The book starts with a classic opening: Twin brothers Thor and Rai are the pampered children of a high official on a space colony somewhere far from Earth, the planet of their ancestors. Almost immediately, their parents are killed and the twins are shipped off to the planet Kimaera, a penal colony reserved for those who receive the death penalty.

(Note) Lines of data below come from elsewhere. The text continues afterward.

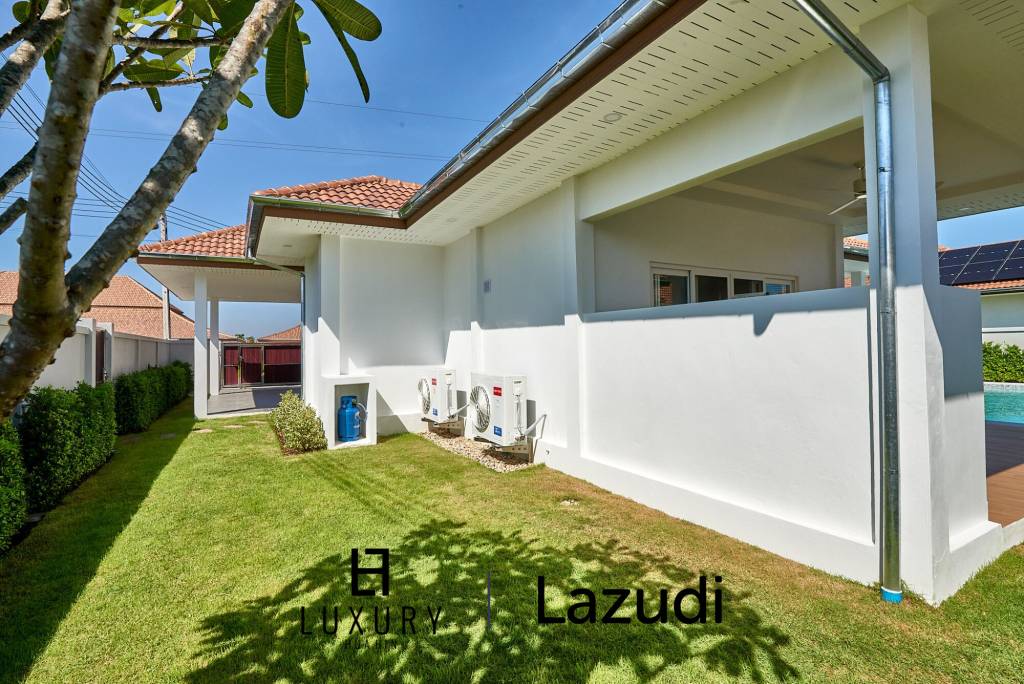 Mali Lotus: Brand New - 3 Bed 2 Bath Pool Villa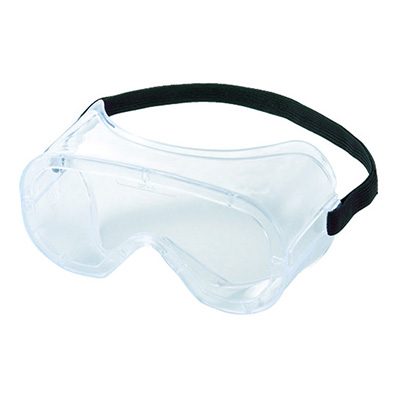 トラスコ TRUSCO セーフティゴーグル 平面レンズ TSG-604M 365-8503 (商品コード：162847)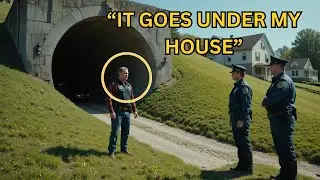 A Hidden Hoa Tunnel Was Beneath My House &mdash; I Uncovered Everything And Beat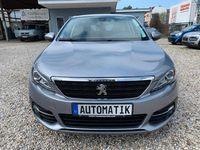 Gebraucht Peugeot 308 SW Active 131 PS (96 kW) 2021 Grau Kombi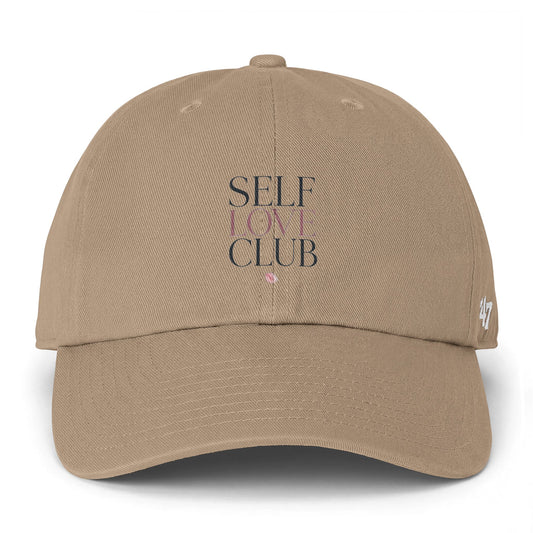 Self Love Club Clean Up Cap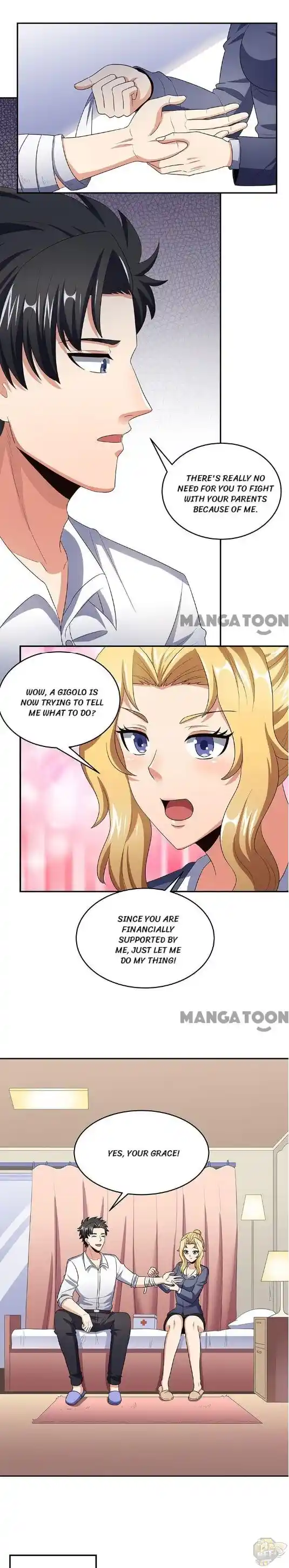 The Super Doctor From 2089 Chapter 78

Kimaera is harsh. It revolves slowly, so there is just one long day and one long night per year, and few people survive the night. Plants are at the top of the food chain, and the inhabitants must take extreme precautions to keep from being eaten. To survive, they have evolved a rigid social system that separates people according to gender and skin color, weeds out the weak, and gives women the upper hand in most situations, including the right to choose their mates.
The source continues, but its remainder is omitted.